**Exercise:** As you work through the listing below, copy each line exactly and drop the images.

**Available data:**

-.-.-

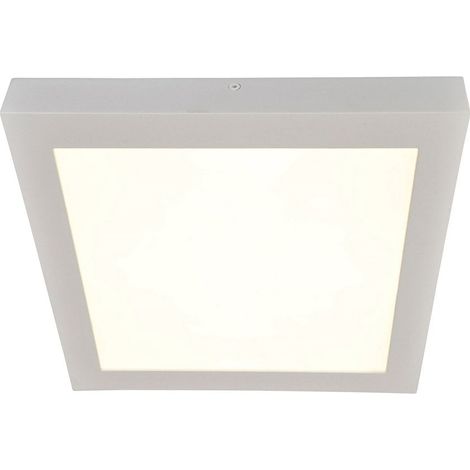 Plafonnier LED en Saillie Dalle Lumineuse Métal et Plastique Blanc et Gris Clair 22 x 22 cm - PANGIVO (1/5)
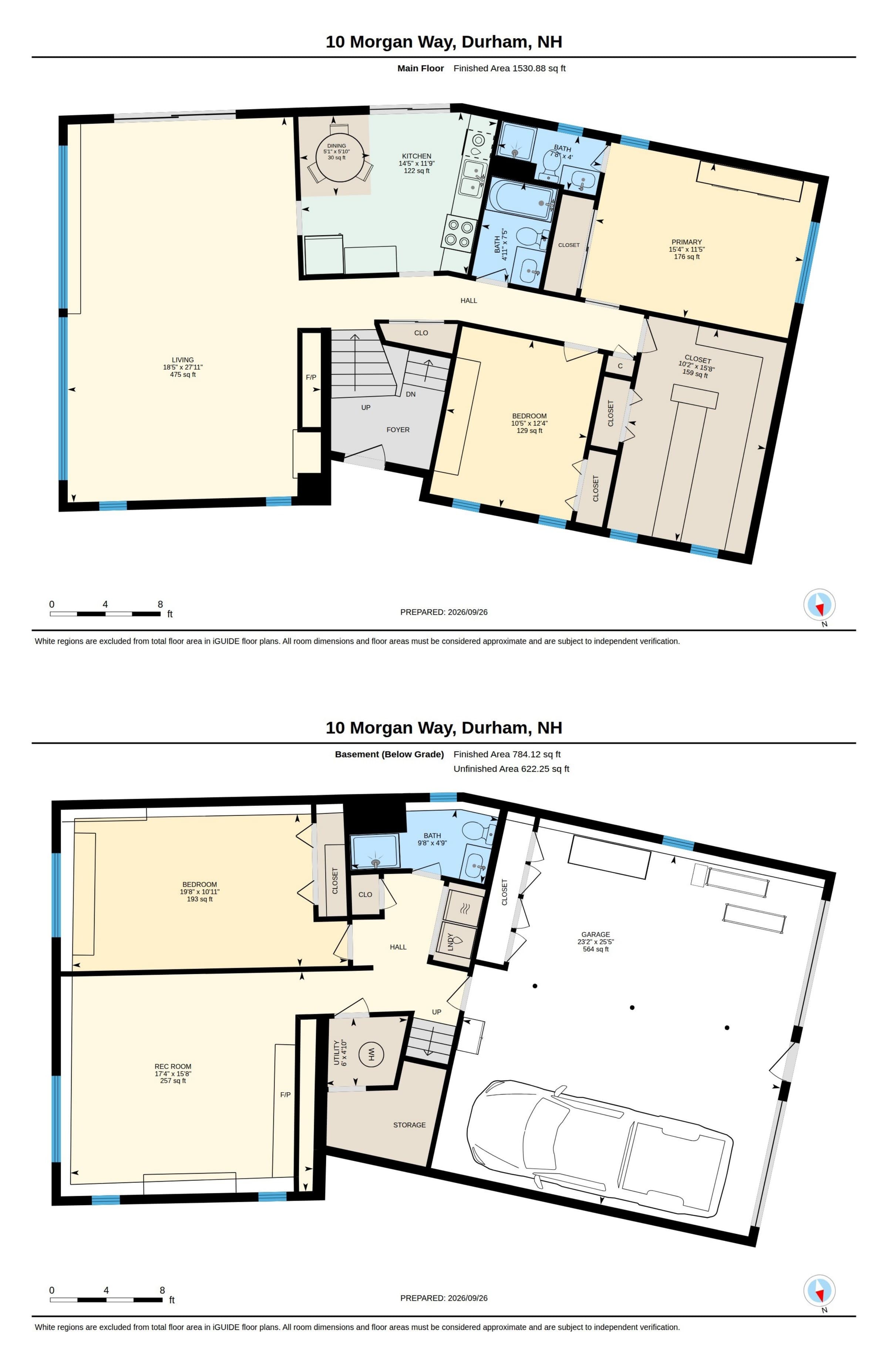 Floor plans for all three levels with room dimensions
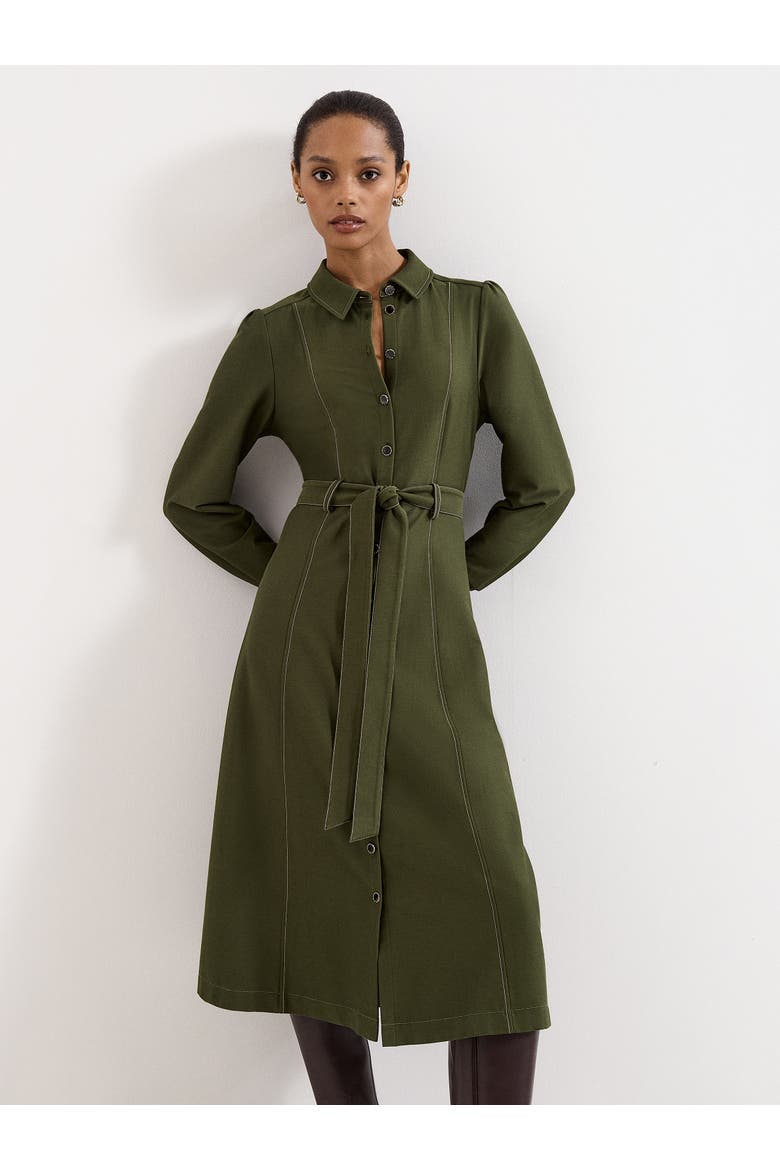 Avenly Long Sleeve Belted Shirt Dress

-.-.-

**Solved problem:**
 Plafonnier LED en Saillie Dalle Lumineuse Métal et Plastique Blanc et Gris Clair 22 x 22 cm - PANGIVO (1/5)
 Floor plans for all three levels with room dimensions
 Avenly Long Sleeve Belted Shirt Dress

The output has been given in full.